_TASK DETAILS:_ The records below should be written out again, exactly.

Extracted data entries:
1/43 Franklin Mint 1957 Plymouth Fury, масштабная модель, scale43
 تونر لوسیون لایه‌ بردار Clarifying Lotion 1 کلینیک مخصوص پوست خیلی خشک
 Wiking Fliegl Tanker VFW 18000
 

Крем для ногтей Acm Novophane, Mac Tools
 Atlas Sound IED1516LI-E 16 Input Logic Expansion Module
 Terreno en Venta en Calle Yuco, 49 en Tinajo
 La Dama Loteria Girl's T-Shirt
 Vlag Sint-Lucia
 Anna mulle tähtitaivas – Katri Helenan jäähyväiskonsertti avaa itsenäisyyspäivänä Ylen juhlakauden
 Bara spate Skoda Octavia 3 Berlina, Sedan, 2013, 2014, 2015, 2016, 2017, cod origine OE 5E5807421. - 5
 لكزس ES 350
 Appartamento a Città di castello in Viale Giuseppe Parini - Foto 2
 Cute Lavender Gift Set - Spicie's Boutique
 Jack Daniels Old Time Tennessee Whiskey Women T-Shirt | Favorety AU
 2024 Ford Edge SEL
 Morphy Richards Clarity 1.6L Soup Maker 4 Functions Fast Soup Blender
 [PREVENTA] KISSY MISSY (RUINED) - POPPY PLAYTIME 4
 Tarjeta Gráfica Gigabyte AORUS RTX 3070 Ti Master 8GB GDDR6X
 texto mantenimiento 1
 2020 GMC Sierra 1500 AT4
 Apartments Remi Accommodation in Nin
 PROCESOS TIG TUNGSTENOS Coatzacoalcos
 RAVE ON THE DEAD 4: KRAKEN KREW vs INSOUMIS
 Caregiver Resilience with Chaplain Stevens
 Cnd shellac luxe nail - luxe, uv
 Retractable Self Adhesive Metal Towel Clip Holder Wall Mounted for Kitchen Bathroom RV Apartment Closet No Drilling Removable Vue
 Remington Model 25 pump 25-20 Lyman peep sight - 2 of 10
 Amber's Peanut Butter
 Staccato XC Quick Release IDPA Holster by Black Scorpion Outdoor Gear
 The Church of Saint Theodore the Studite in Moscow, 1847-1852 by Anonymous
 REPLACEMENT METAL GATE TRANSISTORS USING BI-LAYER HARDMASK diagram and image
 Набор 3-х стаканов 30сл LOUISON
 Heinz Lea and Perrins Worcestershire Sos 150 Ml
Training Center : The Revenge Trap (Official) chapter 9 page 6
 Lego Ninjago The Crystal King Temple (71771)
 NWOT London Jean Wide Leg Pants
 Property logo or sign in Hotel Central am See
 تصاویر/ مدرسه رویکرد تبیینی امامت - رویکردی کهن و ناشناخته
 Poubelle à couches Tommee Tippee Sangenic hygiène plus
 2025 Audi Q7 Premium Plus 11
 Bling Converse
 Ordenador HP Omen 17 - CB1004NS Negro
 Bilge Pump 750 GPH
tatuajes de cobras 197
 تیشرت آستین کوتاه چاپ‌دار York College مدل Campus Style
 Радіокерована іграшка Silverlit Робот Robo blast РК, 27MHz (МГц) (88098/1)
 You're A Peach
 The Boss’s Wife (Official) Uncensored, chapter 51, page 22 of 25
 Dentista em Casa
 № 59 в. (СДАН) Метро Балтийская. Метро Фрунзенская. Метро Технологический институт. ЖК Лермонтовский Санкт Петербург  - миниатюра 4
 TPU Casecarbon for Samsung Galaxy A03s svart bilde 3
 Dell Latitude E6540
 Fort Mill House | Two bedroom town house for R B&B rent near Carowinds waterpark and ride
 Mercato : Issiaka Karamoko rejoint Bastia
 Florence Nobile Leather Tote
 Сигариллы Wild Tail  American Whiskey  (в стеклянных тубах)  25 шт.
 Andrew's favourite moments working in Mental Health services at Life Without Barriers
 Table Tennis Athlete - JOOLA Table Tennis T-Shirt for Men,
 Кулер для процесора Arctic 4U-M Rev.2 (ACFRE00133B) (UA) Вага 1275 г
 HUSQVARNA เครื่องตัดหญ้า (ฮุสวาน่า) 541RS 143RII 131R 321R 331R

_OUTPUT BELOW:_
1/43 Franklin Mint 1957 Plymouth Fury, масштабная модель, scale43
 تونر لوسیون لایه‌ بردار Clarifying Lotion 1 کلینیک مخصوص پوست خیلی خشک
 Wiking Fliegl Tanker VFW 18000
 

Крем для ногтей Acm Novophane, Mac Tools
 Atlas Sound IED1516LI-E 16 Input Logic Expansion Module
 Terreno en Venta en Calle Yuco, 49 en Tinajo
 La Dama Loteria Girl's T-Shirt
 Vlag Sint-Lucia
 Anna mulle tähtitaivas – Katri Helenan jäähyväiskonsertti avaa itsenäisyyspäivänä Ylen juhlakauden
 Bara spate Skoda Octavia 3 Berlina, Sedan, 2013, 2014, 2015, 2016, 2017, cod origine OE 5E5807421. - 5
 لكزس ES 350
 Appartamento a Città di castello in Viale Giuseppe Parini - Foto 2
 Cute Lavender Gift Set - Spicie's Boutique
 Jack Daniels Old Time Tennessee Whiskey Women T-Shirt | Favorety AU
 2024 Ford Edge SEL
 Morphy Richards Clarity 1.6L Soup Maker 4 Functions Fast Soup Blender
 [PREVENTA] KISSY MISSY (RUINED) - POPPY PLAYTIME 4
 Tarjeta Gráfica Gigabyte AORUS RTX 3070 Ti Master 8GB GDDR6X
 texto mantenimiento 1
 2020 GMC Sierra 1500 AT4
 Apartments Remi Accommodation in Nin
 PROCESOS TIG TUNGSTENOS Coatzacoalcos
 RAVE ON THE DEAD 4: KRAKEN KREW vs INSOUMIS
 Caregiver Resilience with Chaplain Stevens
 Cnd shellac luxe nail - luxe, uv
 Retractable Self Adhesive Metal Towel Clip Holder Wall Mounted for Kitchen Bathroom RV Apartment Closet No Drilling Removable Vue
 Remington Model 25 pump 25-20 Lyman peep sight - 2 of 10
 Amber's Peanut Butter
 Staccato XC Quick Release IDPA Holster by Black Scorpion Outdoor Gear
 The Church of Saint Theodore the Studite in Moscow, 1847-1852 by Anonymous
 REPLACEMENT METAL GATE TRANSISTORS USING BI-LAYER HARDMASK diagram and image
 Набор 3-х стаканов 30сл LOUISON
 Heinz Lea and Perrins Worcestershire Sos 150 Ml
Training Center : The Revenge Trap (Official) chapter 9 page 6
 Lego Ninjago The Crystal King Temple (71771)
 NWOT London Jean Wide Leg Pants
 Property logo or sign in Hotel Central am See
 تصاویر/ مدرسه رویکرد تبیینی امامت - رویکردی کهن و ناشناخته
 Poubelle à couches Tommee Tippee Sangenic hygiène plus
 2025 Audi Q7 Premium Plus 11
 Bling Converse
 Ordenador HP Omen 17 - CB1004NS Negro
 Bilge Pump 750 GPH
tatuajes de cobras 197
 تیشرت آستین کوتاه چاپ‌دار York College مدل Campus Style
 Радіокерована іграшка Silverlit Робот Robo blast РК, 27MHz (МГц) (88098/1)
 You're A Peach
 The Boss’s Wife (Official) Uncensored, chapter 51, page 22 of 25
 Dentista em Casa
 № 59 в. (СДАН) Метро Балтийская. Метро Фрунзенская. Метро Технологический институт. ЖК Лермонтовский Санкт Петербург  - миниатюра 4
 TPU Casecarbon for Samsung Galaxy A03s svart bilde 3
 Dell Latitude E6540
 Fort Mill House | Two bedroom town house for R B&B rent near Carowinds waterpark and ride
 Mercato : Issiaka Karamoko rejoint Bastia
 Florence Nobile Leather Tote
 Сигариллы Wild Tail  American Whiskey  (в стеклянных тубах)  25 шт.
 Andrew's favourite moments working in Mental Health services at Life Without Barriers
 Table Tennis Athlete - JOOLA Table Tennis T-Shirt for Men,
 Кулер для процесора Arctic 4U-M Rev.2 (ACFRE00133B) (UA) Вага 1275 г
 HUSQVARNA เครื่องตัดหญ้า (ฮุสวาน่า) 541RS 143RII 131R 321R 331R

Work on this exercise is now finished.